Pour autant, il nous faut distinguer la logique de la marchandise et celle du capitalisme du marché. Le marché est l'ensemble des biens et des services, des productions économiques qui ont un prix. Tous les biens et les services qui ont un prix ne sont pas nécessairement produits de manière capitaliste.



La logique capitaliste repose sur quatre institutions selon l'économiste Bernard Friot. Ces quatre institutions déterminent le caractère capitaliste de la production économique alors que les prix déterminent le caractère mercantile de la production économique. Le fait d'être soumis à un marché, le fait que les marchandises soient liées à des prix n'implique pas nécessairement une production capitaliste.



Les quatre institutions capitalistes



1. La propriété lucrative des moyens de production permet aux actionnaires ou aux créanciers de s'accaparer les fruits du travail des employés, ils s'attribuent aussi bien les dividendes que la gestion des investissements - tous produits par le travail des employés et des hors emploi.



2. La convention du travail capitaliste mesure la valeur produite par le travail en se référant à la mesure de la quantité de temps. Ceci marque profondément le travail concret dans les usines, dans les bureaux. Il faut aller vite et produire le plus rapidement possible de la valeur.

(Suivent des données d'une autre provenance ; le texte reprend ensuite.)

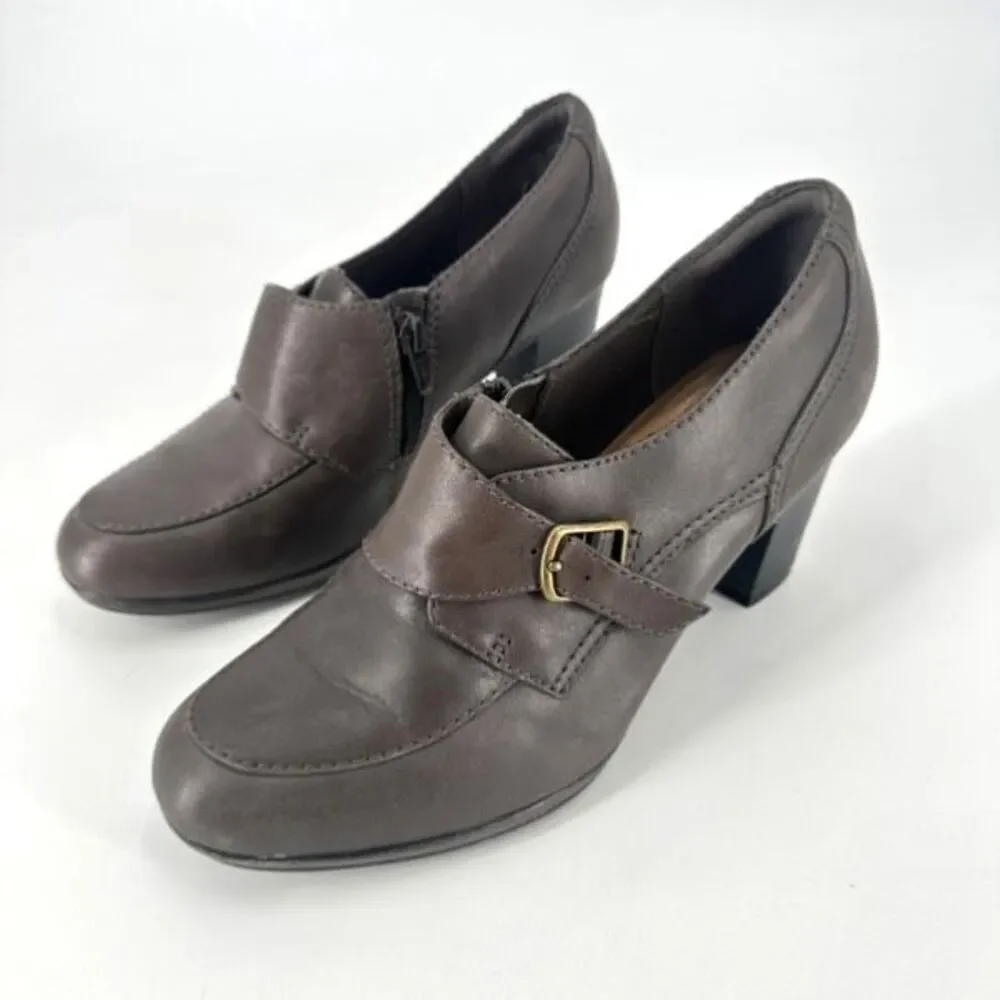 Clarks Collection Women's Leather Block Heel Side Zip Pumps Heels‎ Taupe Size 8M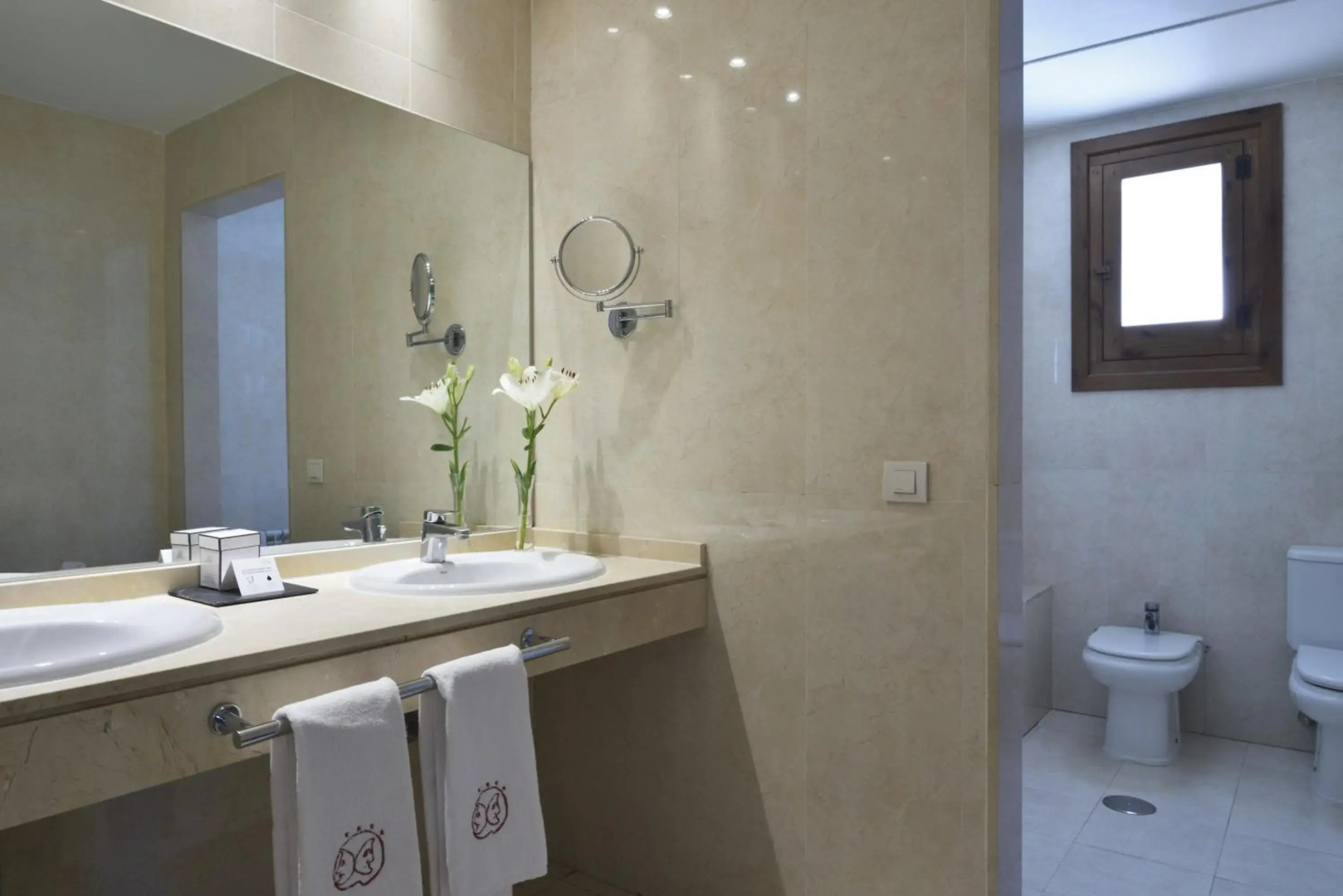 Hotel Puerta de la Luna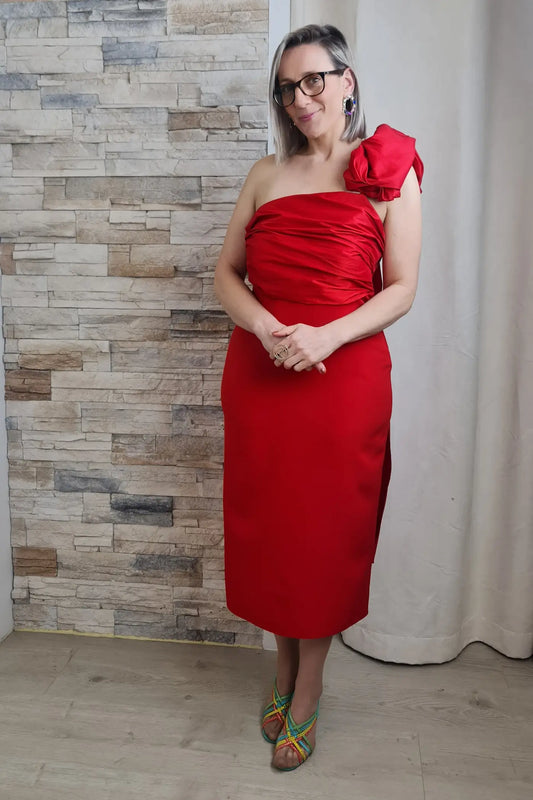 VESTIDO COM BUFANTE SÓ UM OMBRO VERMELHO
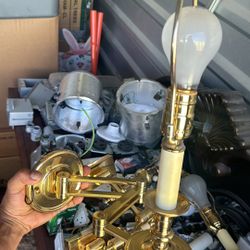 Gold Wall Reading Light With Lamp Cover 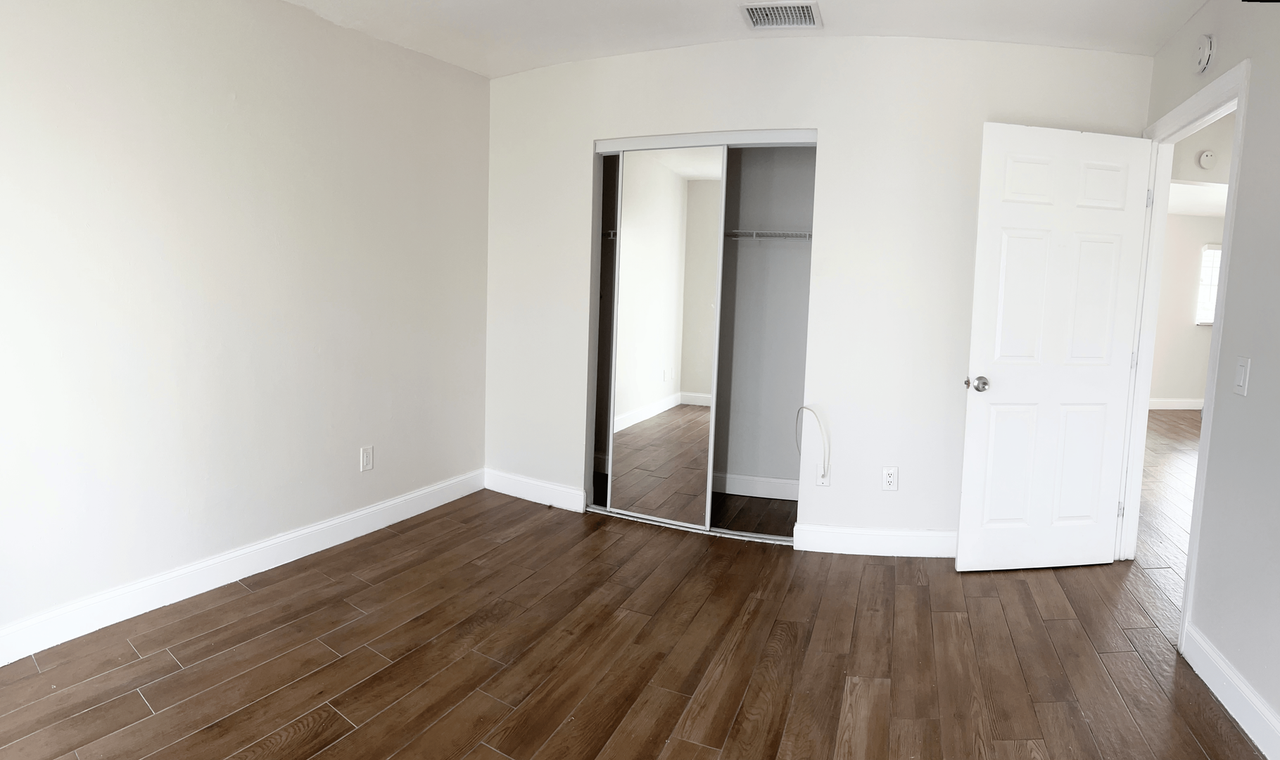 4211 Vermont Ave - Photo 7 of 11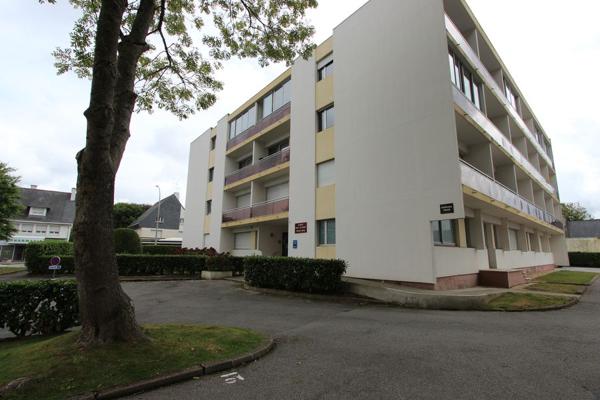 location grand studio avec parking proche commerces et iut quimper sud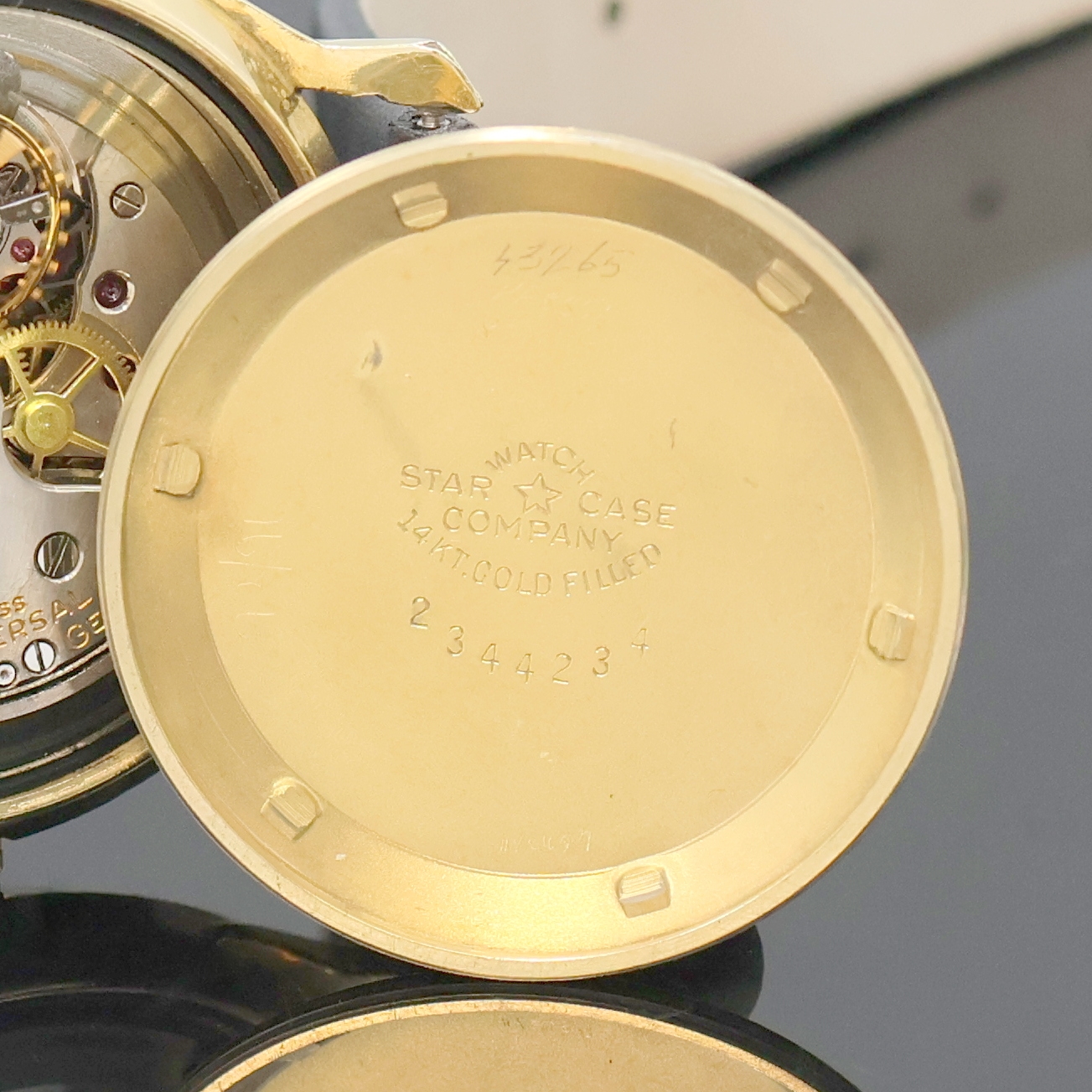 Detail g: UNIVERSAL Herrenarmbanduhr Kaliber 138SS in 14k Gold Filled, Schweiz/USA um 1950, Hammerautomatik, 2-tlg. Geh., verschr. Boden m. Namensgravur, ...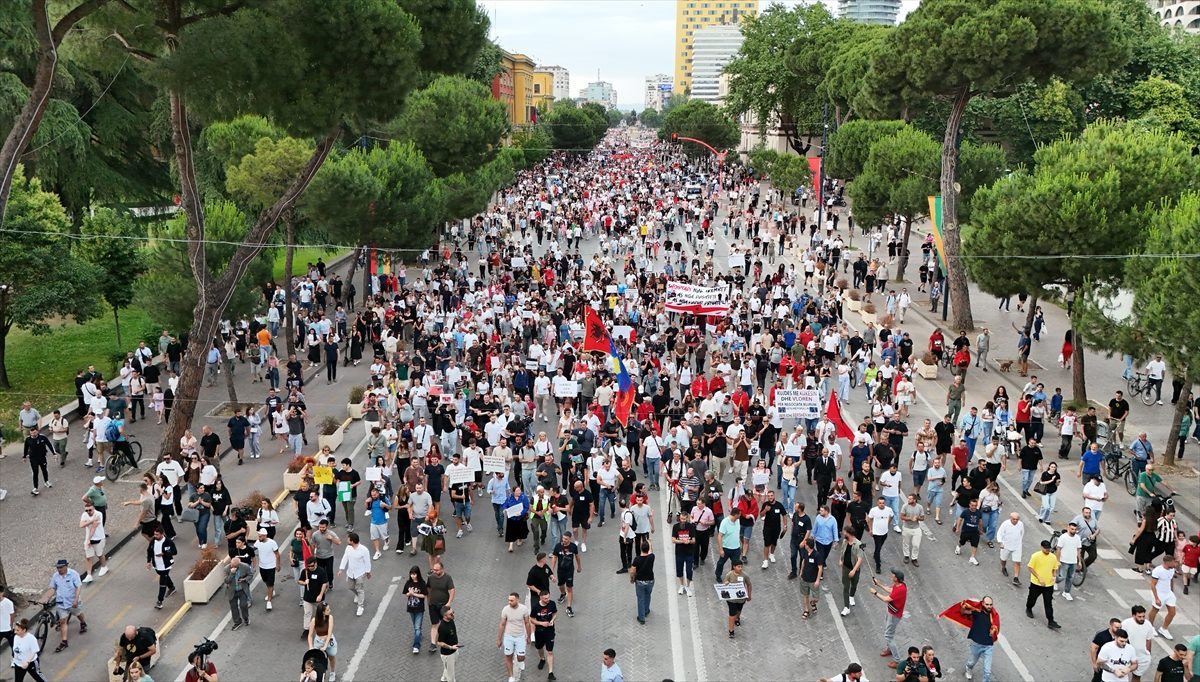 Arnavutluk polisi, turizm projesi protestosunda göstericilere tazyikli suyla müdahale etti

3. La concurrence organise l'activité. Il faut être plus rapides que les autres, il faut produire davantage de valeur ajoutée par unité de temps, etc. L'emploi est organisé par un marché du travail. Le temps humain est alors une marchandise comme une autre. Le but des employeurs est logiquement d'en diminuer le coût.



4. Le crédit privé finance l'investissement et la dépense. Ce crédit est assorti de taux d'intérêt qui, combinés à une échelle macro-économique, constituent eux aussi une fonction exponentielle qui concentre mécaniquement la richesse.



Marchandises à prix et capitalisme



On peut imaginer



- des marchandises à prix disponibles sur un marché qui ne soient pas capitalistes.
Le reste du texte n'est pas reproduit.